- EXERCISE AIM -
Images are to be skipped; everything else in the records must be repeated exactly.

- SOURCE DATA -
☆ ☆ ☆ ☆ ☆ ☆ ☆

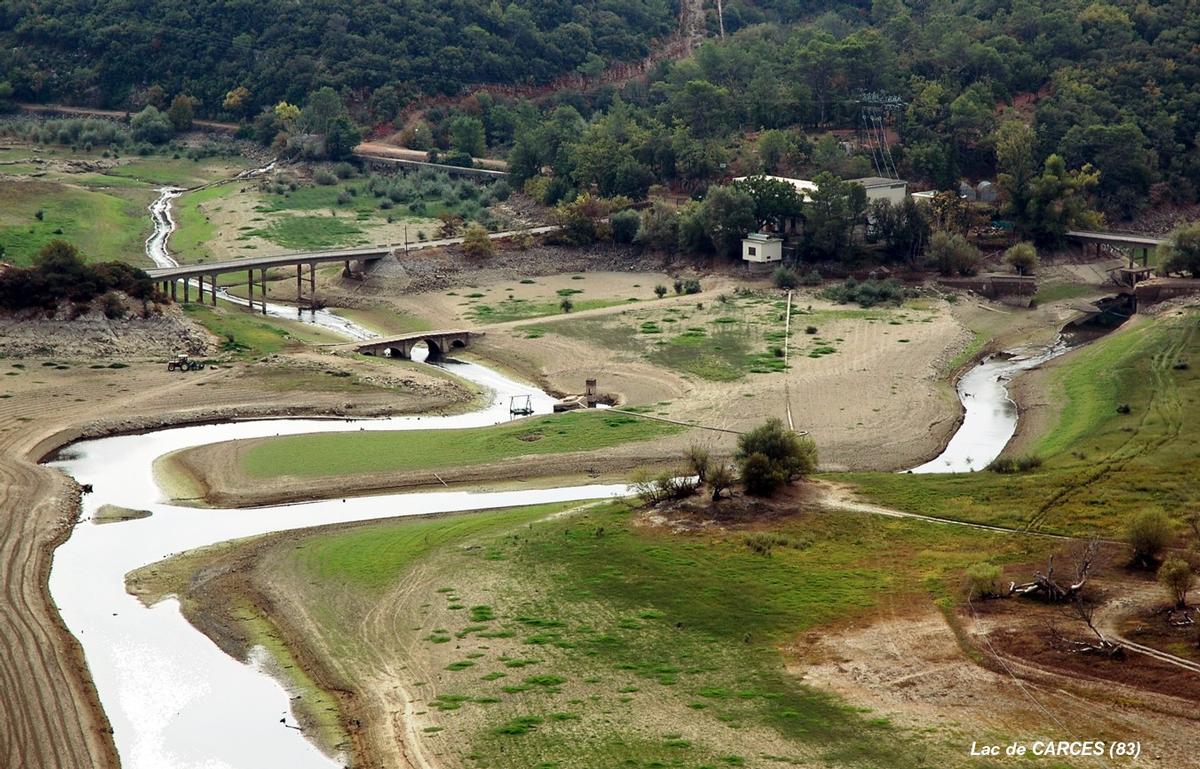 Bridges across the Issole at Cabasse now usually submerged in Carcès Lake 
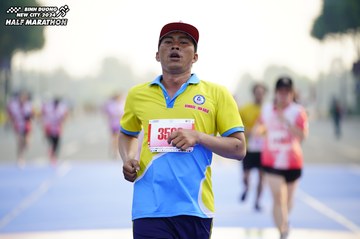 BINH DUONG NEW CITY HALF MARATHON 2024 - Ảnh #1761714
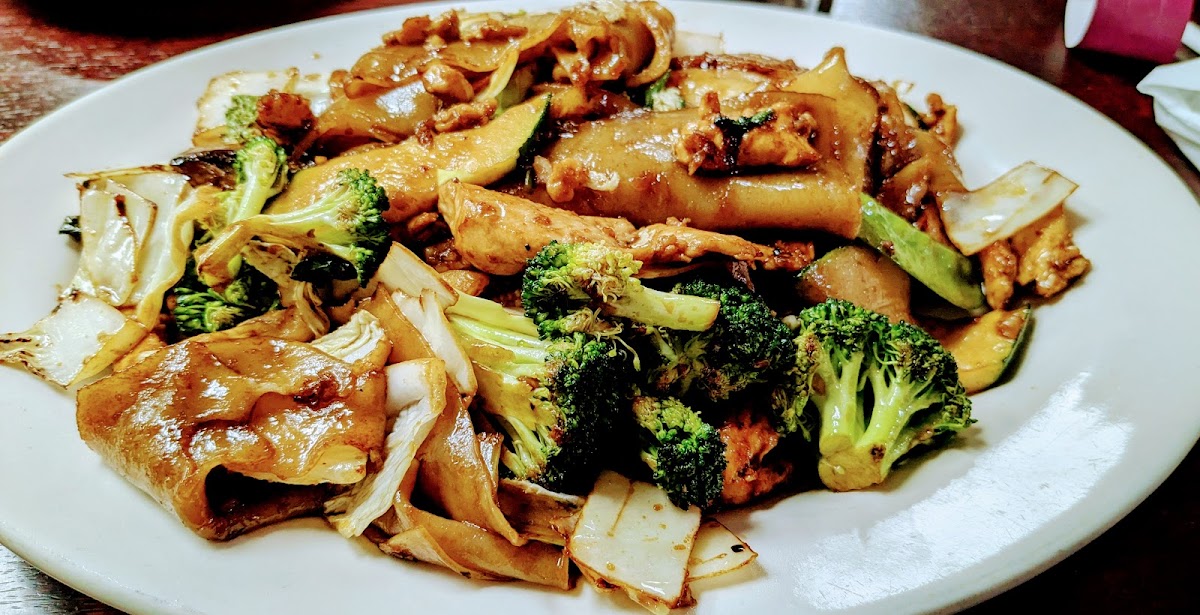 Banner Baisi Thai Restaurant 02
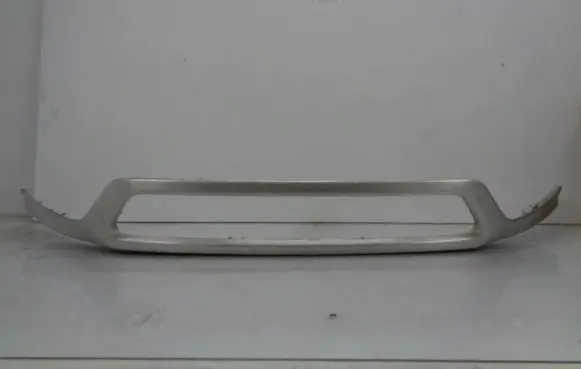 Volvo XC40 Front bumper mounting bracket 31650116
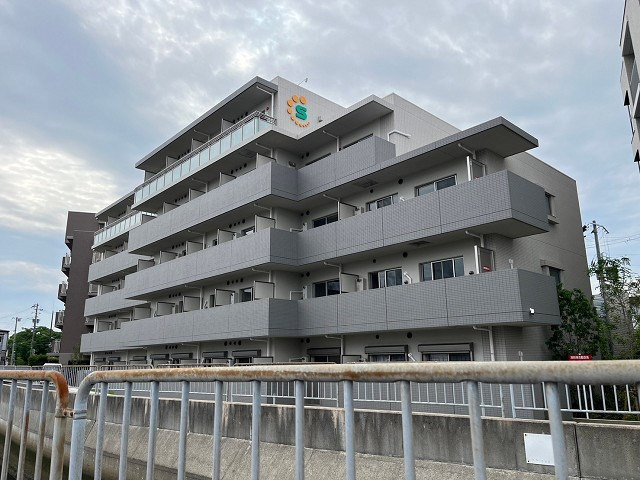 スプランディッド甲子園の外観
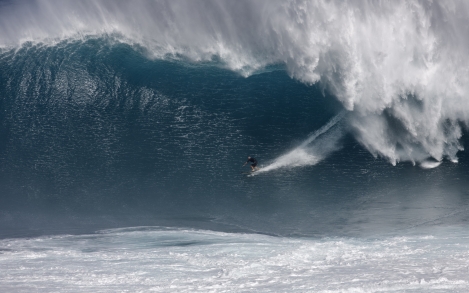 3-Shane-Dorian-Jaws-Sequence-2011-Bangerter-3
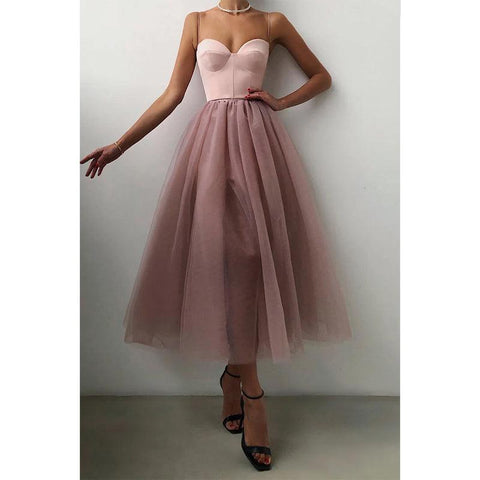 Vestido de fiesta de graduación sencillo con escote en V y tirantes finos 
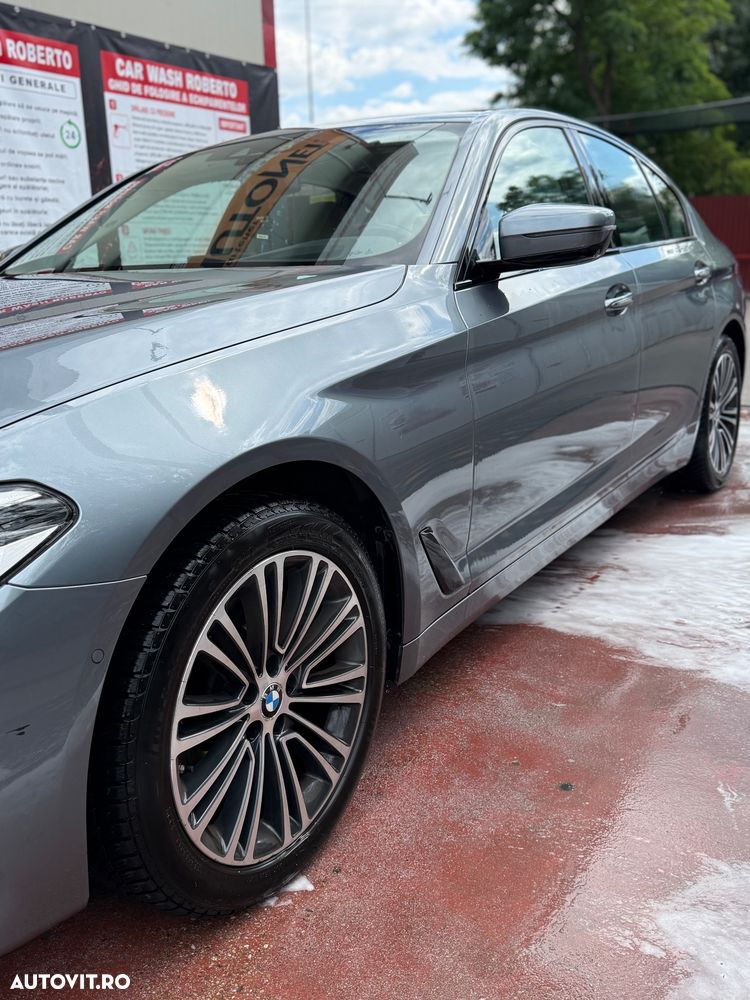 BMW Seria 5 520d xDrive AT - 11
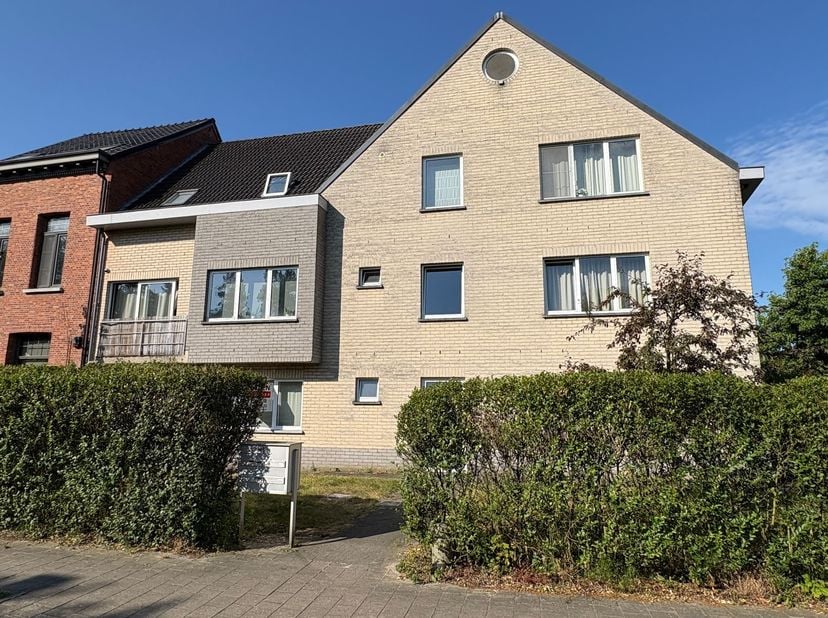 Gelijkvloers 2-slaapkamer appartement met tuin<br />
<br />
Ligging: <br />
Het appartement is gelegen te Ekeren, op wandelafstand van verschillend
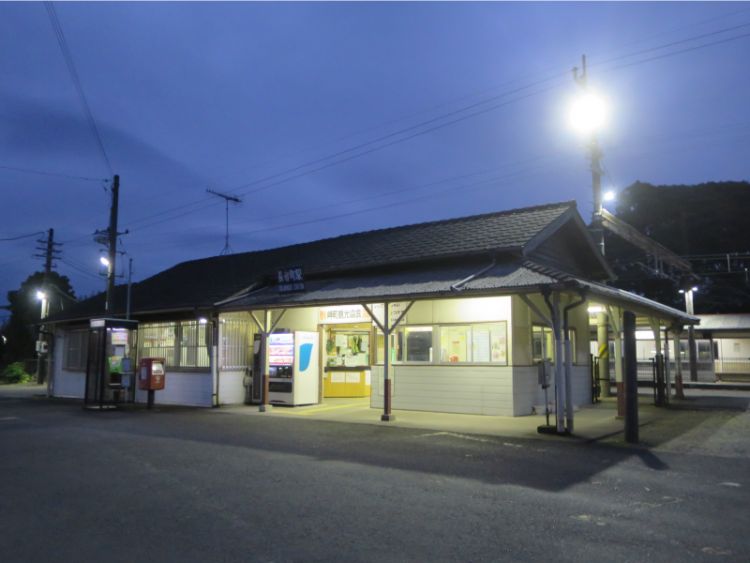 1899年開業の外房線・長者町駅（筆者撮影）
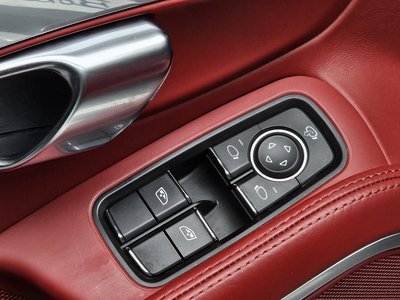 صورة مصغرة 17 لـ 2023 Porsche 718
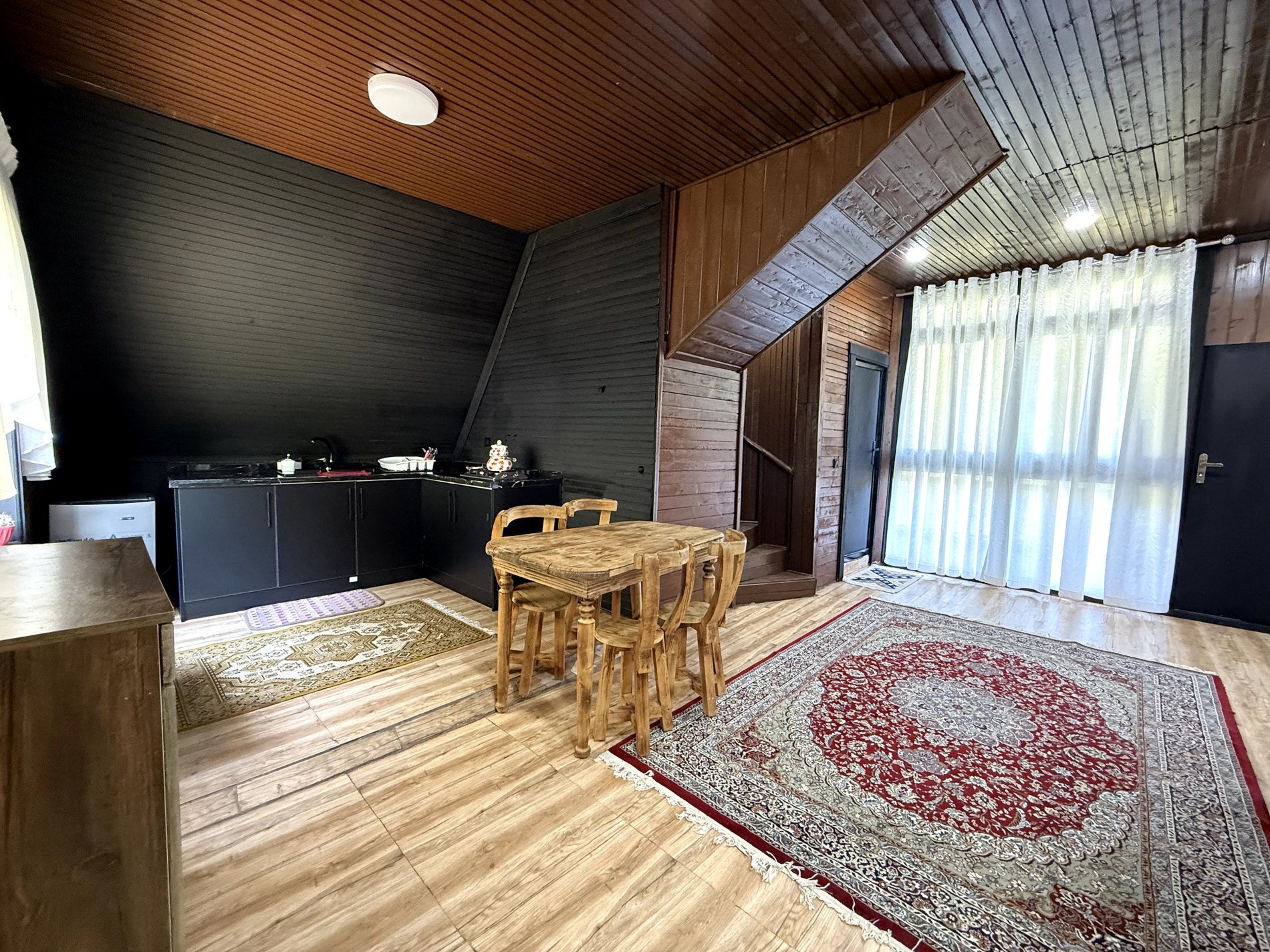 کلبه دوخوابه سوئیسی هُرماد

☆ ☆ ☆ ☆ ☆ ☆ ☆

- FINISHED TASK -
 Bridges across the Issole at Cabasse now usually submerged in Carcès Lake 
 BINH DUONG NEW CITY HALF MARATHON 2024 - Ảnh #1761714
 Banner Baisi Thai Restaurant 02
 Volvo XC40 Front bumper mounting bracket 31650116
 スプランディッド甲子園の外観
 3-Shane-Dorian-Jaws-Sequence-2011-Bangerter-3
 Vestido de fiesta de graduación sencillo con escote en V y tirantes finos 
 BMW Seria 5 520d xDrive AT - 11
 Gelijkvloers 2-slaapkamer appartement met tuin<br />
<br />
Ligging: <br />
Het appartement is gelegen te Ekeren, op wandelafstand van verschillend
 1899年開業の外房線・長者町駅（筆者撮影）
 صورة مصغرة 17 لـ 2023 Porsche 718
 کلبه دوخوابه سوئیسی هُرماد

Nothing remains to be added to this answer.